A História da Bicicleta Urbana na Dinamarca e Holanda
A bicicleta nem sempre foi tão popular como é hoje no norte europeu. Entenda como a magrela conseguiu se tornar um meio transporte eficiente nesses países.
Imagine um mundo em que o tempo que você leva de casa até o trabalho nunca varia. Pense nas implicações disso por um momento. Você pode dormir um pouco mais de manhã. Você não precisa sair de casa duas, três horas antes do seu compromisso porque tem medo que o trânsito o atrase. Você não fica perigosamente perto do sovaco de algum cara dentro do trem absurdamente lotado. Você não tem um ataque de pânico toda vez que a Glória Vanique anuncia que aconteceu um acidente na Marginal (mais uma carreta tombada).

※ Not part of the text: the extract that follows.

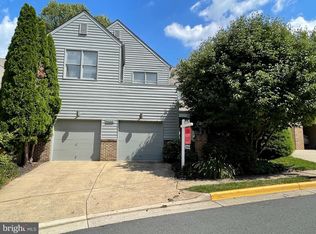 2005 Beacon Pl, Reston, VA 20191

Parece fantasia, mas esse mundo existe. Essa é a realidade de dinamarqueses, holandeses e outros afortunados povos pelo mundo que entenderam que bicicleta é algo que deve ser usado como meio de transporte, e não somente como brinquedo de fim de semana. E desde que conseguiram convencer seus governantes da necessidade e da importância da magrela, são mais livres do que nós. Como isso aconteceu? A História conta e, se formos bons alunos, ensina.

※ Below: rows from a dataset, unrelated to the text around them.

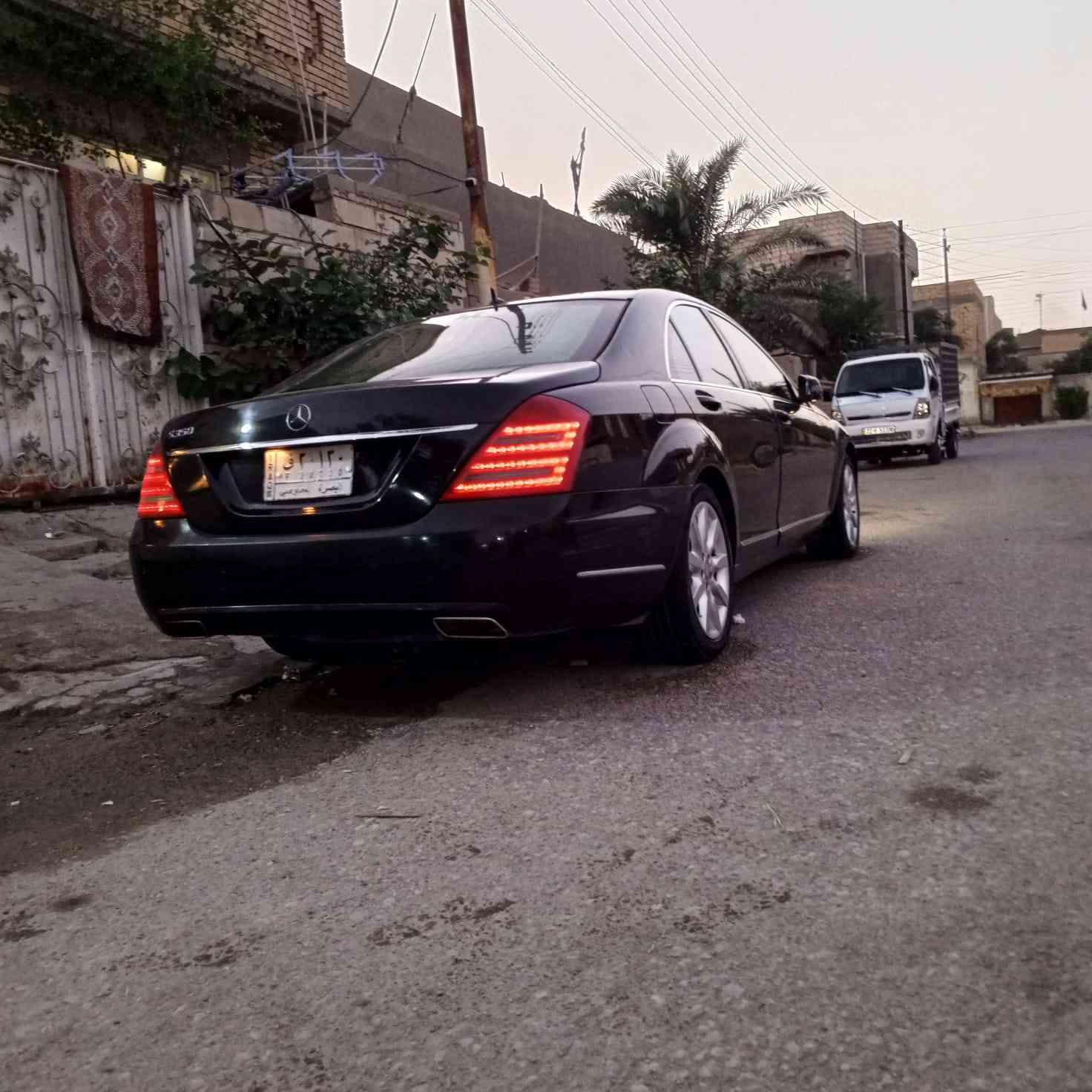 مارسيدس اس كلاس ٣٥٠ ستة سلندر المرغوب موديل ٢٠٠٩ وارد الماني فول مواصفات سيارة جاهزة كير مكينة حدادة تخم تاير ماتصرف ولادينار  موصفاتها بيها صبغ احزام جمالية وسونارها موجود اصفاح وقبق صندوك البنيد ممصبوغ
رادار
بوب شفط
فتحة
حساسات امامي خلفي
جوبلس تصعد وتنزل
بردات كهرباء
لايت زنون بلاد
ناظور ليلي
تحكم استيرن
٣ انظمة قيادة
زراك لايت
سيدي ٦ اقراص
شاشة
تدفئة تبريد بالكشن
سلايت طكتين
بردة خلفية
ثلاجة
بعد هواي بيها مواصفات ماتنعد والي جانيها يعرف مواصفاتها سيارة خير من الله 
بيع او مراوس وحسب القناعة 
السعر ١٧٥ سعرها جدا مناسب وتكدر اشوف المعروضات خواتها وتسئل عن الاسعار والي مايعجبة السعر يعبر المنشور جزاكم الله خير 
اخوان اني مكلف بالنشر وهذا رقم راعيها
رقم الهاتف ***********  . 
. 
. 
. البصرة, العراق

A população e o governo reconheceram que bicicleta faz mais sentido como meio de transporte do que automóvel
Desde a sua invenção, no final do século XIX, a bicicleta sempre foi queridinha nos países nórdicos. No entanto, antes que você comece a falar que isso explica tudo e que é uma questão cultural, queria chamar a atenção para outro fato: ela também era queridinha na costa oeste americana, particularmente em Los Angeles. Na época, a cidade ostentava a mais impressionante ciclovia do mundo, a Arroyo Seco Cycleway. Nada disso impediu que o automóvel tomasse conta. Em pouco tempo a Arroyo Seco Cycleway foi desativada e transformada em uma rodovia. Hoje, Los Angeles registra os piores congestionamentos em todo os EUA. Irônico. Tudo isso para te mostrar que não, não é cultural. É uma questão de escolha. E nunca é tarde para fazer a escolha certa. Bom, voltando à História.

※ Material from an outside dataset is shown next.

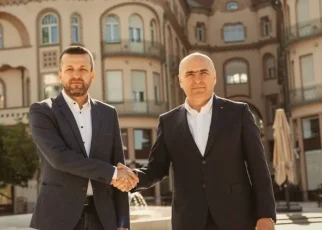 Florin Birta îi ridică statuie lui Bolojan, dar PNL este pierdut fără el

Logo de cara, a bicicleta passou a ser utilizada pela população como meio de transporte – mesmo sem a infraestrutura adequada. A população dinamarquesa já via a bicicleta na época pelo o que ela é ainda hoje: uma forma de liberdade. E por esse motivo, já foram criados logo no começo clubes e associações de ciclistas que foram se fundindo e assumindo um status quase de sindicato, com objetivos políticos e o interesse de defender os ciclistas politicamente. Isso foi muito importante, pois fortaleceu a febre da bicicleta para o desafio que viria em breve, com o advento do automóvel. Em outros países, em contrapartida, quando o automóvel apareceu e se tornou acessível, a bicicleta deixou logo de ser um veículo para se transformar em brinquedo e, quando a indústria esportiva pegou a deixa, em esporte. E é por isso que você só pensa em usar a sua bicicleta no parque, de fim de semana. Nós fomos criados para vê-la como um esporte suarento, não como uma forma de chegar nos lugares.
Bem, no fim das contas o pior não pôde ser evitado e, por volta da Segunda Guerra Mundial, o automóvel chegou para ficar. E os seus efeitos logo se fizeram sentir. Em Amsterdã, prédios foram demolidos para dar espaço para os carros, praças se transformaram em estacionamentos e a antiga estrutura para bicicletas, já insuficiente, foi destruída. Tanto em Amsterdã como em Copenhague, o número de ciclistas começou a declinar rapidamente. De repente, não tinha mais espaço para bicicletas, e mais: pedalar se tornou perigoso com tantos carros na rua. Em 1971, 3300 ciclistas morreram no trânsito em Amsterdã; 400 eram crianças. O mesmo acontecia em Copenhague. Em protestos, a população dinamarquesa pintava cruzes brancas no asfalto, onde ciclistas haviam perdido a vida. Pais holandeses protestavam com faixas: “Parem com o assassinato de crianças!”. As organizações de ciclistas pressionavam o governo para tomar medidas e incentivavam o uso das bicicletas.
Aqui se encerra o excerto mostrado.